Au moins ne reprochera-t-on pas à Amazon de fauter par excès de zèle : c’est une fois de plus Apple qui se fait prendre au jeu de la pudibonderie. La couverture d’un ouvrage a été jugée choquante par le revendeur américain, et voilà que le livre de Bénédicte Martin, publié aux Editions des Equateurs se retrouve interdit de séjour dans la librairie numérique.  La couverture présente en effet un buste de femme nue prolongée par une lame de couteau. Tranchant, et d’autant plus que le livre ne doit sortir que le 20 mars : censure par anticipation, sacré cadeau.

L’éditeur a été alerté par son diffuseur numérique, Interforum, du refus d’Apple, strictement motivé par ladite couverture. « Apple ne censure pas le livre en raison de son contenu, par ailleurs un récit littéraire et poétique sur la féminité, mais le censure juste parce qu’il y a une femme aux seins nus sur la couverture. C’est à la fois absurde et grave. Un exemple affligeant des excès de la pudibonderie américaine », enrage Olivier Frebourg, cité par l’AFP.

Et d’ajouter : « Et vous pouvez diffuser les oeuvres les plus hard sur Apple du moment que vous avez une couverture neutre. »

Bien entendu, il refuse catégoriquement de modifier sa couverture, et accuse Apple de jouer « à Big Brother ». Selon lui, la liberté de création, associée à la couverture qu’a réalisée le maquettiste Stéphane Rozencwajg, est menacée par le comportement de la firme. Et d’interpeller dans la foulée pouvoirs publics et instances de l’édition pour qu’elles réagissent. Il demande en effet « à la ministre de la Culture Aurélie Filippetti, ainsi qu’au Syndicat national de l’édition, et à la Commission européenne de réagir et de prendre position sur cette question fondamentale de la liberté d’expression ».

Il y a à boire et à manger, dans cette affaire. Les histoires de censure chez Apple, il suffit de taper dans une poubelle pour en faire sortir une centaine. Bien entendu, la censure n’est pas acceptable, il ne reste malheureusement qu’à pousser des cris d’orfraie pour se faire entendre. Et faire prendre conscience du problème.

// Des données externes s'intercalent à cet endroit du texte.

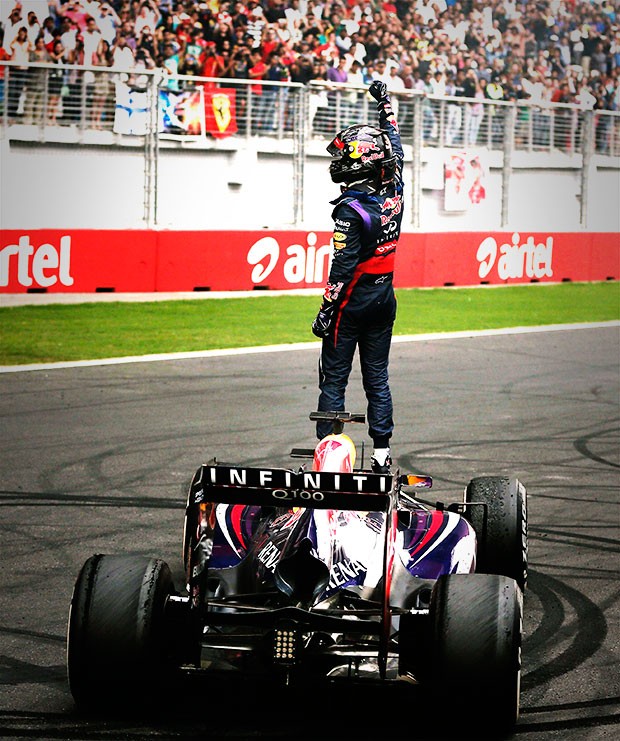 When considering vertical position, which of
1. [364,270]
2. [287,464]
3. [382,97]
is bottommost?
[287,464]

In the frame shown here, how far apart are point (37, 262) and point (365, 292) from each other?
29.6ft

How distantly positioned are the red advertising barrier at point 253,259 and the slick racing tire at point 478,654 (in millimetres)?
12138

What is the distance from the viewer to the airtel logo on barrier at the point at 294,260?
17.5 m

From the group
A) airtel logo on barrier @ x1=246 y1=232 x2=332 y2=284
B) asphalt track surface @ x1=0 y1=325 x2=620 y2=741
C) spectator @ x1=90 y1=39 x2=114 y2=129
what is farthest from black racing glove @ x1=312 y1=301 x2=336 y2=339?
spectator @ x1=90 y1=39 x2=114 y2=129

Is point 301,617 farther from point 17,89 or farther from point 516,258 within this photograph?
point 516,258

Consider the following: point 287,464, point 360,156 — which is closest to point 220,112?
point 287,464

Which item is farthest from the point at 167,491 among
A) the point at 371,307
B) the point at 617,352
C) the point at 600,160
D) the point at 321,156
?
the point at 600,160

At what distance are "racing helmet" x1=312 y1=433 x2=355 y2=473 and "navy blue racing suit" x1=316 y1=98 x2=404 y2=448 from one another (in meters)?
1.85

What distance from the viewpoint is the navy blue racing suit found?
695 centimetres

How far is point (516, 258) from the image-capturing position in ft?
68.0

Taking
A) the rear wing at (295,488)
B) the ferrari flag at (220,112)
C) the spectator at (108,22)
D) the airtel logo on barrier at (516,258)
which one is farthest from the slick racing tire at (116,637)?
the airtel logo on barrier at (516,258)

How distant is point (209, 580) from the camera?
452 cm

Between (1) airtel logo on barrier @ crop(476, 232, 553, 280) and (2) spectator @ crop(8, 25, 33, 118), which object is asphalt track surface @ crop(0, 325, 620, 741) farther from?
(2) spectator @ crop(8, 25, 33, 118)

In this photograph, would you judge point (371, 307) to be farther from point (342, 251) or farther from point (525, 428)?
point (525, 428) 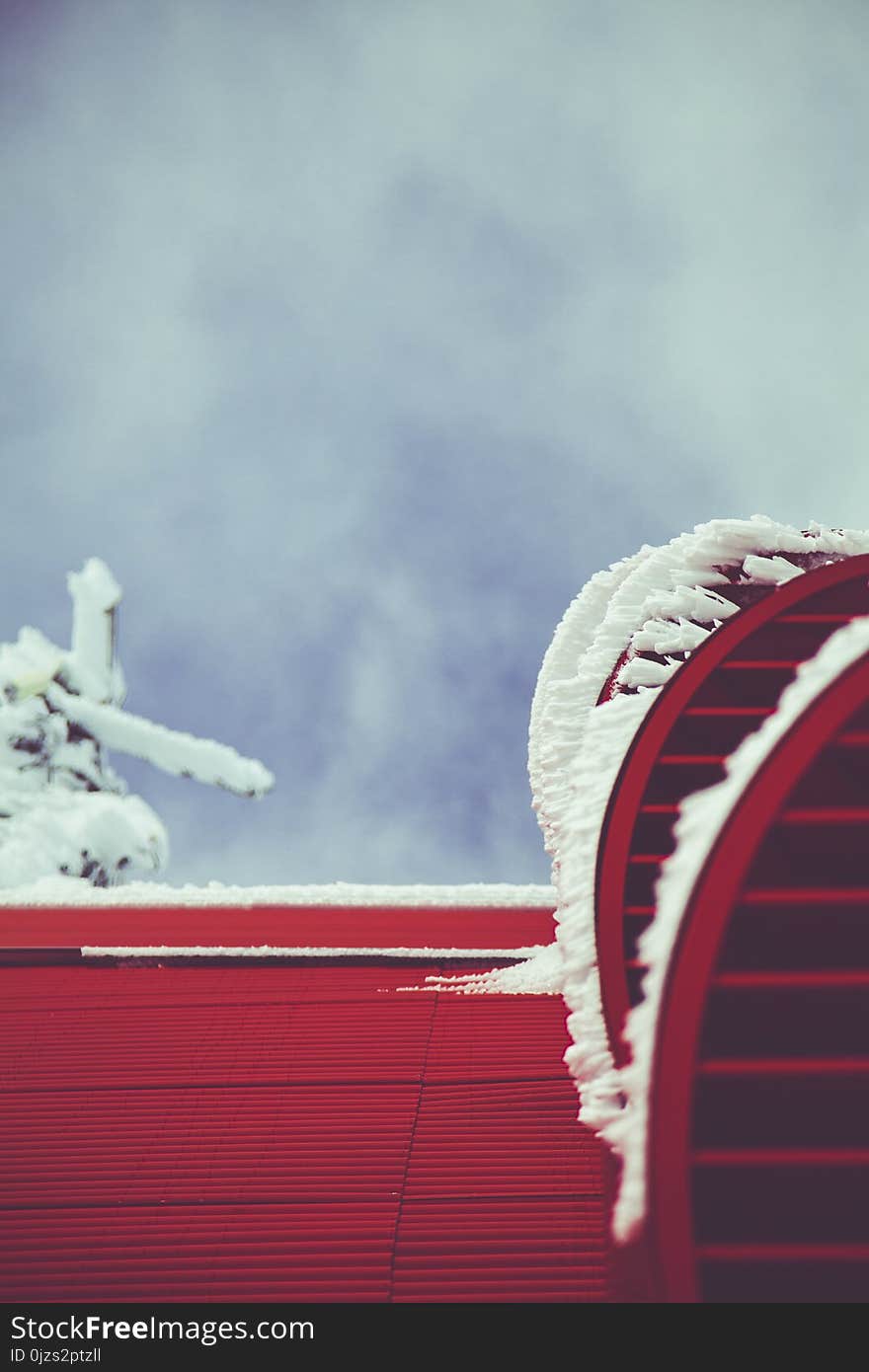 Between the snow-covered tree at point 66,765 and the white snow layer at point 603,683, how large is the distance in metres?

Dans la série des célèbres censure d’Apple, on peut évoquer :

Etc., ad nauseam.

Sauf qu’après tout, travailler avec un revendeur implique d’accepter ses conditions de commercialisation. Et la firme est connue pour être particulièrement frileuse : plutôt que de risquer le procès d’un client mécontent, la société a toujours pris le parti de sanctionner en amont, et tant pis pour la liberté d’expression, de création et le reste. De ce point de vue, strictement juridique, on fait la somme des dépenses liées à une procédure, et on conclut chez Apple qu’il est préférable de censurer. Comportement de bêtise crasse, certes, et qui n’est pas sans conséquence.

S’autocensurer, ou lutter contre un moulin à vents ?

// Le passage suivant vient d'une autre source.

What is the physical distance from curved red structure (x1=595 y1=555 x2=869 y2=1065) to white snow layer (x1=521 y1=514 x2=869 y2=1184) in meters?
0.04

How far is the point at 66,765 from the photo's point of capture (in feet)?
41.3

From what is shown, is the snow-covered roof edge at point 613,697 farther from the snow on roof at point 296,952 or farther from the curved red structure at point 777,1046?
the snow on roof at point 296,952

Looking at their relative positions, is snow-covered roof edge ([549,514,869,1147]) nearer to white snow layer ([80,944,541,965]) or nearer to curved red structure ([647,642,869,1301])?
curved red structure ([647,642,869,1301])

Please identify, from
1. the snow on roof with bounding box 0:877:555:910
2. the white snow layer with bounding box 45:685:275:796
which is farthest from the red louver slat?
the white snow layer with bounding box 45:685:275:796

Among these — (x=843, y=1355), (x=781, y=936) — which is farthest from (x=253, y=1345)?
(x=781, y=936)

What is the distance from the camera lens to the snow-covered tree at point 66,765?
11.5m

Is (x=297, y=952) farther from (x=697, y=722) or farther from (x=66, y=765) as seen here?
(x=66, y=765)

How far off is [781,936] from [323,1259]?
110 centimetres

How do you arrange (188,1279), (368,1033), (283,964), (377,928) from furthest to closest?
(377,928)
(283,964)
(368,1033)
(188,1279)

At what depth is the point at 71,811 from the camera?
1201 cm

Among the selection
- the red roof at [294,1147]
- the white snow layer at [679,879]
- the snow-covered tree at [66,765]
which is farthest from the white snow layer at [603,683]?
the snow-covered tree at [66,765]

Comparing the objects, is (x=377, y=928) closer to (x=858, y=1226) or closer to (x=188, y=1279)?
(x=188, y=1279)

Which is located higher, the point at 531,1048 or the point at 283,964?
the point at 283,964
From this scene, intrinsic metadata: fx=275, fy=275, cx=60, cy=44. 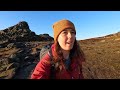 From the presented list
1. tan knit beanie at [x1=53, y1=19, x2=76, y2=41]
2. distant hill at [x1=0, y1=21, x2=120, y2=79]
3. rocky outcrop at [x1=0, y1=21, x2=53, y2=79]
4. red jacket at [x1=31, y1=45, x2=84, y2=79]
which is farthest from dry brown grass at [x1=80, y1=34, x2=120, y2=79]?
tan knit beanie at [x1=53, y1=19, x2=76, y2=41]

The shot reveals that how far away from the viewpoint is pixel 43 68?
2609 millimetres

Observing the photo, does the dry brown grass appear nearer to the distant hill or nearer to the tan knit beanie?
the distant hill

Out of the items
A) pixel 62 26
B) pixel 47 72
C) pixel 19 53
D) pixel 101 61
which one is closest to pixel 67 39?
pixel 62 26

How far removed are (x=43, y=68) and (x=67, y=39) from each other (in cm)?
43

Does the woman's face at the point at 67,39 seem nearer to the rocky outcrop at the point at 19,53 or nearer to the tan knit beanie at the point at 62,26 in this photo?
the tan knit beanie at the point at 62,26

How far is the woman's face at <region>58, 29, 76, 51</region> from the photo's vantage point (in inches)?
111

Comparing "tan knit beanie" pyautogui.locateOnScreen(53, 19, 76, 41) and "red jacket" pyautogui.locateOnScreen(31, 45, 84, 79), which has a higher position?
"tan knit beanie" pyautogui.locateOnScreen(53, 19, 76, 41)

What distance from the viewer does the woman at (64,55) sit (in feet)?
8.78
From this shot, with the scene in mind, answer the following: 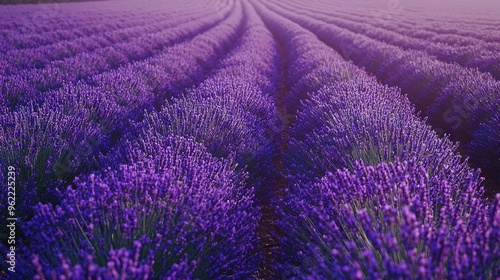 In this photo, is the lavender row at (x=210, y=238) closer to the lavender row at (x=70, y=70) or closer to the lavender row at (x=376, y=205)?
the lavender row at (x=376, y=205)

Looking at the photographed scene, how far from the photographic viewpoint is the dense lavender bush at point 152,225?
5.11 feet

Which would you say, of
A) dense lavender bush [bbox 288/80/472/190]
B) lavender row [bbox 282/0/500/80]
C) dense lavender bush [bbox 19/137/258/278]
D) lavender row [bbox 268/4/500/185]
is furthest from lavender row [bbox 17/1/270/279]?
lavender row [bbox 282/0/500/80]

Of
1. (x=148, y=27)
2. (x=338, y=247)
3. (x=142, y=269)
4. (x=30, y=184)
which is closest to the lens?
(x=142, y=269)

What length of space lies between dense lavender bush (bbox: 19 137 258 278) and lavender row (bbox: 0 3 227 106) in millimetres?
2680

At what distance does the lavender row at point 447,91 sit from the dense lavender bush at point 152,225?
95.8 inches

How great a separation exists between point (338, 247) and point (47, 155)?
2.09 metres

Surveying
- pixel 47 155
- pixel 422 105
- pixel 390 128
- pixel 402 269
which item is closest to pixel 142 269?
pixel 402 269

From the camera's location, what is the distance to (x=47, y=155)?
273 cm

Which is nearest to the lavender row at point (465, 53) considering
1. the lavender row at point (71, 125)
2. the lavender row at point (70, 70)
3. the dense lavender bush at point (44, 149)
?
the lavender row at point (71, 125)

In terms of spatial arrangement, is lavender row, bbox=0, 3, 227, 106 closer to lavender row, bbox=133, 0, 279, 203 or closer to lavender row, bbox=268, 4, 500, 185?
lavender row, bbox=133, 0, 279, 203

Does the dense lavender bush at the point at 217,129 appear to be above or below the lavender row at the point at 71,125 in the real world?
above

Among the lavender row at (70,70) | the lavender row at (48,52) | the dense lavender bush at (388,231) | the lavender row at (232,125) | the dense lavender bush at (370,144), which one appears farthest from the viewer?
the lavender row at (48,52)

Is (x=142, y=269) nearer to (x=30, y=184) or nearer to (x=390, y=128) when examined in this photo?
(x=30, y=184)

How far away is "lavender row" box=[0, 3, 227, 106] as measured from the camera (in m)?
4.17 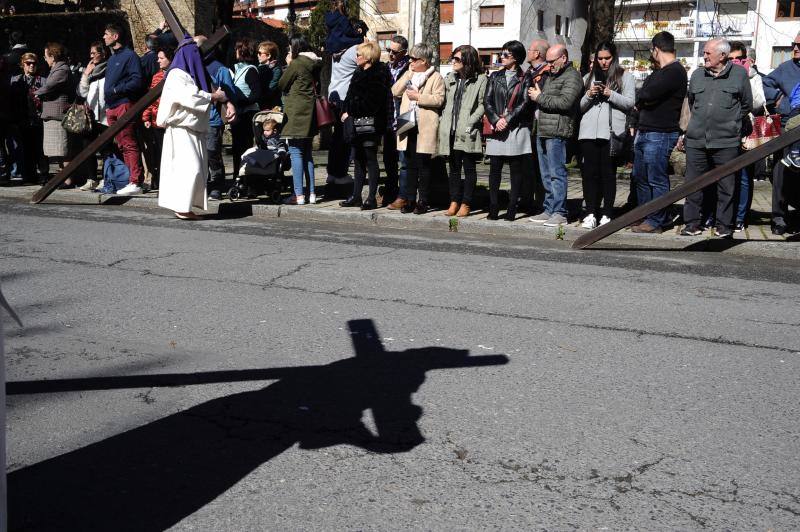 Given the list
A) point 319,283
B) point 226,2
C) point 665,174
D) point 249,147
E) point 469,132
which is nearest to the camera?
point 319,283

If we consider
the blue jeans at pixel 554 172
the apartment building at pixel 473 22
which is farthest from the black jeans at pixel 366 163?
the apartment building at pixel 473 22

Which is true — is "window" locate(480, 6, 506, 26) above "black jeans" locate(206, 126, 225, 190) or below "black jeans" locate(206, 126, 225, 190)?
above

Que la firme censure sur le territoire américain, c’est stupide, mais qu’ils interviennent en France, avec les approches américaines, cela vire à l’absurde. Sauf que c’est ainsi. Vincent Montagne, président du Syndicat des éditeurs nous le signalait, à l’époque de la censure Lucky Luke :  «Notre métier, c’est de servir des lecteurs et de provoquer la rencontre avec des auteurs. Par conséquent, le support est toujours second par rapport à la création éditoriale. Pour que cela fonctionne bien, il faut que l’accès à la création éditoriale vers les tablettes ne passe pas par un guichet unique ni un opérateur unique. »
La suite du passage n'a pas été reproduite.